St-paul-chiropractor-bloodstreamWhat is C-Reactive Protein?

With frequent news coverage of late, C-Reactive protein is a term that has been bandied about in the media – but what is it exactly? Produced in the liver, C-Reactive protein, or CRP, is a protein that is released into the bloodstream as a response to inflammation in the body. High levels of CRP are a cause for alarm, since its presence can be linked to inflammation possibly arising from infection, lupus, tuberculosis, heart attack risk, burns and even cancer [1].
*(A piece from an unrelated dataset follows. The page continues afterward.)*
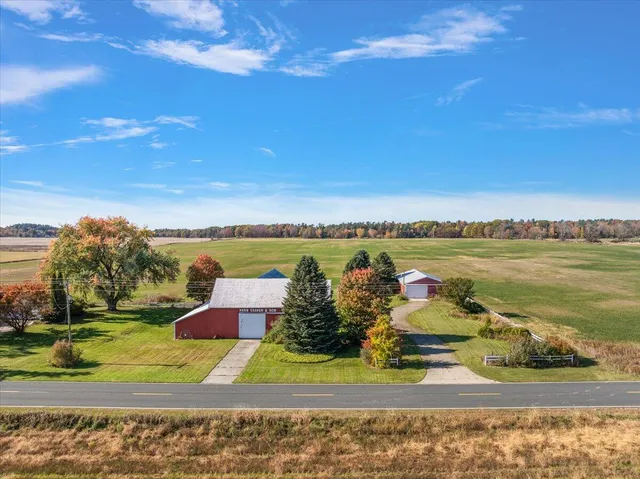 $399,900 | 9665 Chase Road, Montague, MI 49437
CRP is believed to play a significant role in the body’s early defense mechanism against infections [2], where its physiological role is to bind with a compound present on the surface of dead and dying cells, and even some bacteria, known as phosphocholine. It then activates the complement system, a part of the immune system called the “innate immune system,” via the C1Q complex [3].

The usefulness of the C-reactive protein is its ability to determine the progress of a disease, and it can also be used to assess whether a treatment for diseases associated with inflammation are working or not. In order to measure the levels of CRP in the blood, first a blood sample from the patient must be collected and analyzed. The levels of CRP in healthy individuals are negligible and will not show up in the test. For sufferers of diseases associated with inflammation, the test will show various levels of CRP in the blood. The measurement of CRP in the bloodstream not only can also help to determine whether someone is at risk of heart disease, but also assesses the severity of the risk [2].
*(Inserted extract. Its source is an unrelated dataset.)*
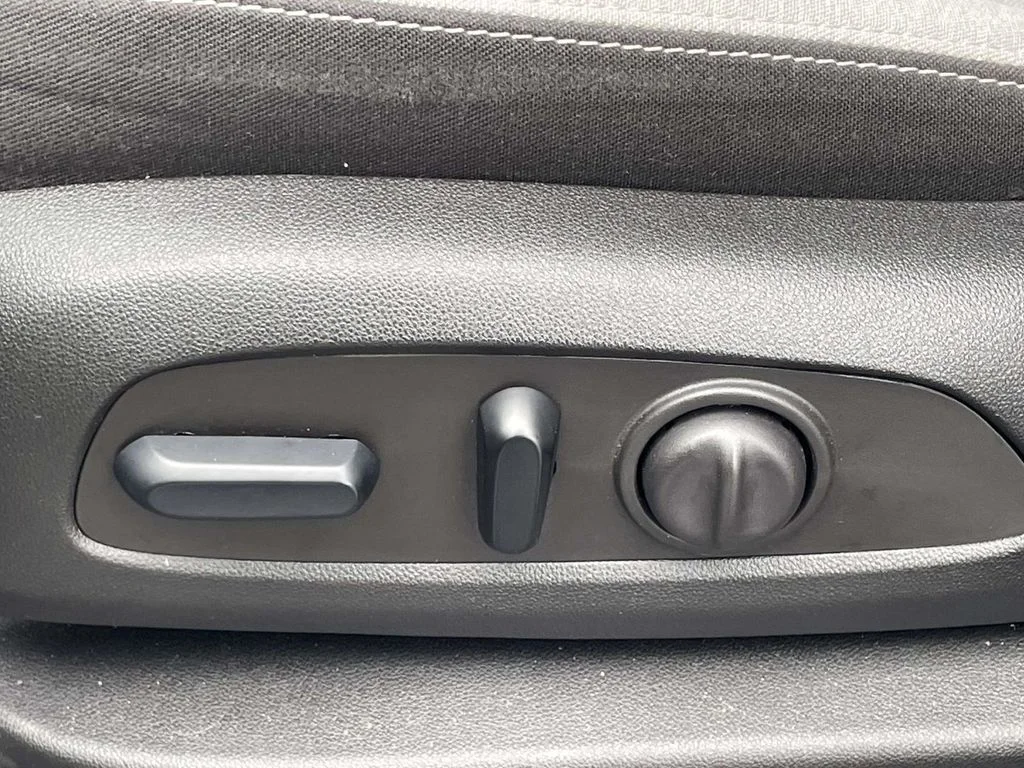 Used 2024 Gray Chevrolet LS image 26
Studies have found that patients who have raised basal levels of C-Reactive proteins are at an increased risk from diabetes, hypertension and cardiovascular diseases [4][5]. There is also a strong correlation between the lipid responses to low fat and high-polyunsaturated fat diets and CRP levels [6].

Some organs in the body are at an increased risk from cancer when they become chronically inflamed, and such inflammation may be highlighted by the presence of CRP in the body. In one study [7] samples were collected from sufferers of colon cancer and a control group, the average levels of CRP in those with colon cancer measured 2.69mg/l, whereas those in the control group had a mean value of 1.97mg/l. With significant difference between the two groups, this supports previous studies that connect the intake of anti-inflammatory medication with the lowering of colon cancer risks [8].
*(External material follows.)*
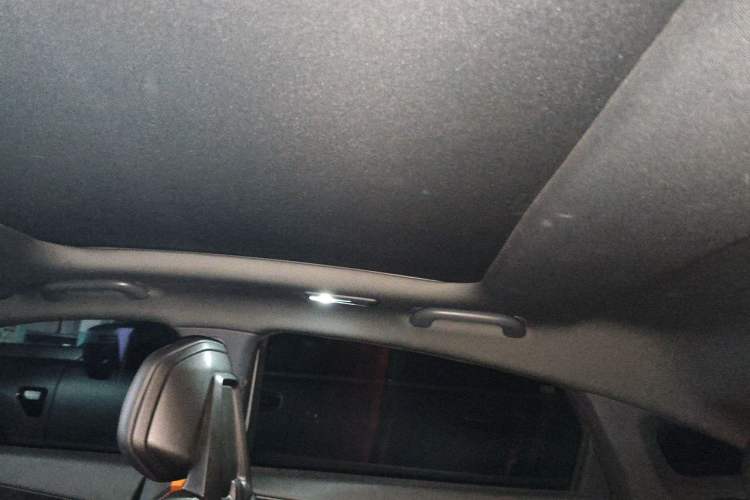 Used CHANGAN UNI-V 2022 1.5T Sport Edition Headliner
While the measurement of CRP cannot pinpoint the exact location of the inflammation in the body, it can be used to monitor and detect the presence of diseases associated with inflammation, and can monitor whether medication is effective on inflammatory diseases being treated.

References
[1] Ridker PM, Libby P. Risk Factors for Atherothrombotic Disease. In: Libby P, Bonow RO, Mann DL, Zipes DP, eds. Braunwald’s Heart Disease: A Textbook of Cardiovascular Medicine. 8th ed. Philadelphia, Pa; Saunders Elsevier; 2007: chap 39.
[2] http://www.creactiveprotein.org/ Accessed September 2011
[3] Thompson, D; Pepys, MB; Wood, SP (February 1999). “The physiological structure of human C-reactive protein and its complex with phosphocholine”. Structure 7 (2): 169–77.
[4] Pradhan AD; Manson, JE; Rifai, N; Buring, JE; Ridker, PM (2001). “C-reactive protein, interleukin 6, and risk of developing type 2 diabetes mellitus”. JAMA 286 (3): 327–34.
[5] Dehghan A; Kardys, I; de Maat, MP; Uitterlinden, AG; Sijbrands, EJ; Bootsma, AH; Stijnen, T; Hofman, A et al. (March 2007).
[6] St-Onge MP, Zhang S, Darnell B, Allison DB (April 2009). “Baseline serum C-reactive protein is associated with lipid responses to low-fat and high-polyunsaturated fat diets”. J. Nutr. 139 (4): 680–3.
[7] Erlinger TP, Platz EA, Rifai N, Helzlsouer KJ (February 2004). “C-reactive protein and the risk of incident colorectal cancer”. Journal of the American Medical Association 291 (5): 585–90.
[8] Baron JA, et al. (2003). “A randomized trial of aspirin to prevent colorectal adenomas”. N Engl J Med 348 (10): 891–9.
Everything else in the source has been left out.